The Last and the First
Our Lord said, “the last will be first, and the first will be last.” (Mt 12:16) And, clarifying what he meant, “If anyone wants to be first, he must be the very last, and the servant of all.” (Mk 9:35) Are the rich people who are successful businessmen and entrepreneurs first on this earth or last? A naive answer is that they are first, and that’s true, but only if we mean first in achievement or impact they made on the world. But in another sense they are clearly last, because they have created and are continuing to create much value for the consumers, while themselves refraining from spending all of their cash. They are humble servants of the public, but they themselves do not avail themselves of the fruits of social cooperation to the greatest possible extent, e.g., by dying broke. One doesn’t eat dollar bills. Normally, their money goes to finance productive activities, pay wages, and create goods for the consumers, which the businessmen themselves do not bid away from the less prosperous, thereby keeping prices low. To repeat the Mises quote found here, “the clerks and workers who boast of their moral superiority deceive themselves and find consolation in this self-deception. They do not admit that they have been tried and found wanting by their fellow citizens, the consumers.” (Human Action, 314)
Thus, those who have served their fellow man by taking an active part in building a civilization while themselves being at least somewhat ascetic should be glorified here and will for sure be glorified in the hereafter.

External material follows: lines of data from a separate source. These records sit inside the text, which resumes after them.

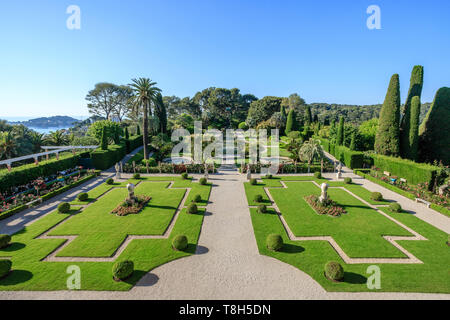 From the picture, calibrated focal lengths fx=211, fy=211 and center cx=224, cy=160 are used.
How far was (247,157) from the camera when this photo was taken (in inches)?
1494

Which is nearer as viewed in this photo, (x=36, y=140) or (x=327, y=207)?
(x=327, y=207)

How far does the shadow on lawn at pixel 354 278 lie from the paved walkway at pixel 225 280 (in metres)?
0.79

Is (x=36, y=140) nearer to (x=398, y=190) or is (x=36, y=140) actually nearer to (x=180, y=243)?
(x=180, y=243)

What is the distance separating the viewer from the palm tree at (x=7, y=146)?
97.8 feet

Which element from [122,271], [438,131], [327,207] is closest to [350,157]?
[438,131]

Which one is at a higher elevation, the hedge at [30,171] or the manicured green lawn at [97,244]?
the hedge at [30,171]

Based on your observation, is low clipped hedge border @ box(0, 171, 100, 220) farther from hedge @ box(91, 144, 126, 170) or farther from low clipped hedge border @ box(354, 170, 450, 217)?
low clipped hedge border @ box(354, 170, 450, 217)

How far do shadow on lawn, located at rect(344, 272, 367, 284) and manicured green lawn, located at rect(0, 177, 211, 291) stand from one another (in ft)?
27.3

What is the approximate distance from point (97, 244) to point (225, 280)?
865 centimetres

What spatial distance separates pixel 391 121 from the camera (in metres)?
30.5

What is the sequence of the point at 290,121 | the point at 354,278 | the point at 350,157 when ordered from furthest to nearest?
1. the point at 290,121
2. the point at 350,157
3. the point at 354,278

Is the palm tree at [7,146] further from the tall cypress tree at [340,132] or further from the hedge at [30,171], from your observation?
the tall cypress tree at [340,132]

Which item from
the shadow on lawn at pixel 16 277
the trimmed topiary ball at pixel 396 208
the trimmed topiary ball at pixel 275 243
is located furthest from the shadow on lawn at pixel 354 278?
the shadow on lawn at pixel 16 277

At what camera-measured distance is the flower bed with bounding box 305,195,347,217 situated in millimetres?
17880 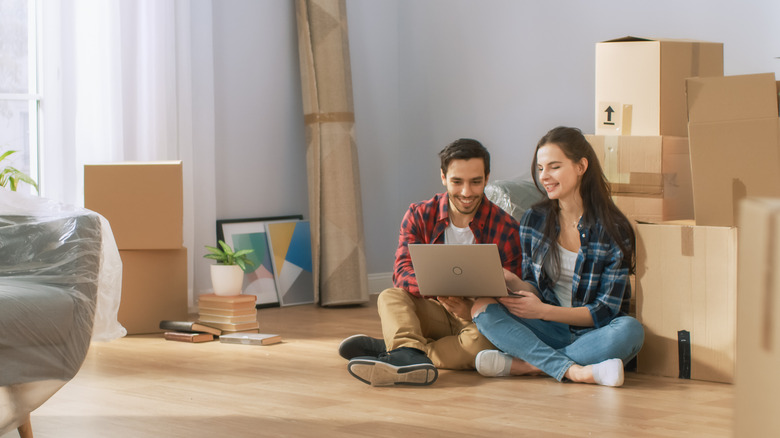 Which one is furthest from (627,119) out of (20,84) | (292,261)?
(20,84)

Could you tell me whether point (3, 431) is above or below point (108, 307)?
below

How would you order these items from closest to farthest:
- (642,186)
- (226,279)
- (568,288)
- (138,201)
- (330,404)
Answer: (330,404), (568,288), (642,186), (138,201), (226,279)

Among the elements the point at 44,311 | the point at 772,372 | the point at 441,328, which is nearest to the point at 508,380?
the point at 441,328

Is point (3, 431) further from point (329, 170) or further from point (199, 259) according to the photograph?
point (329, 170)

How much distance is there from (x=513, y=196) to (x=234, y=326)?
3.63 feet

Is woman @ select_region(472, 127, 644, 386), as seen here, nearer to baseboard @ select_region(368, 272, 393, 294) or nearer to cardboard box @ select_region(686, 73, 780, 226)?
cardboard box @ select_region(686, 73, 780, 226)

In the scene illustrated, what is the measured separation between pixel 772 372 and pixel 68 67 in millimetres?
3351

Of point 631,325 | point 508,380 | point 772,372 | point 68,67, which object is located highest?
point 68,67

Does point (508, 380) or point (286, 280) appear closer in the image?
point (508, 380)

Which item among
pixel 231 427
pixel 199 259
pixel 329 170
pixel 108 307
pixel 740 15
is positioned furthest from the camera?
pixel 329 170

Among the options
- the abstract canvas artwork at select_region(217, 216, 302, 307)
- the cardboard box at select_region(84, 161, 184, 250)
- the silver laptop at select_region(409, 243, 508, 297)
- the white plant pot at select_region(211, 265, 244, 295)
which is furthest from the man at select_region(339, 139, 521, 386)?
the abstract canvas artwork at select_region(217, 216, 302, 307)

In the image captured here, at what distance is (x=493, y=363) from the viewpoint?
262 centimetres

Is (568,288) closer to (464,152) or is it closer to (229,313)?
(464,152)

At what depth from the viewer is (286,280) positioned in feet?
14.1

It may be true that “it is easier for a camel to go through the eye of a needle than for a rich man to enter the kingdom of God.” (Mt 19:24) But the same holds for smart people, gifted people, great artists, political leaders, etc. As Aquinas writes, “Science and anything else conducive to greatness, is to man an occasion of self-confidence, so that he does not wholly surrender himself to God. The result is that such like things sometimes occasion a hindrance to devotion; while in simple souls and women devotion abounds by repressing pride. If, however, a man perfectly submits to God his science or any other perfection, by this very fact his devotion is increased.” (ST, II-II, 82, 3, ad 3)
Entrepreneurial foresight and cunning are perfections; insofar as a person who has become rich has not spent all the profits of his company on himself but, for example, plowed them back into other businesses and finally contributed to philanthropic causes, he has not received his reward in full and is due for a reward from the Father (Mt 6:2-4).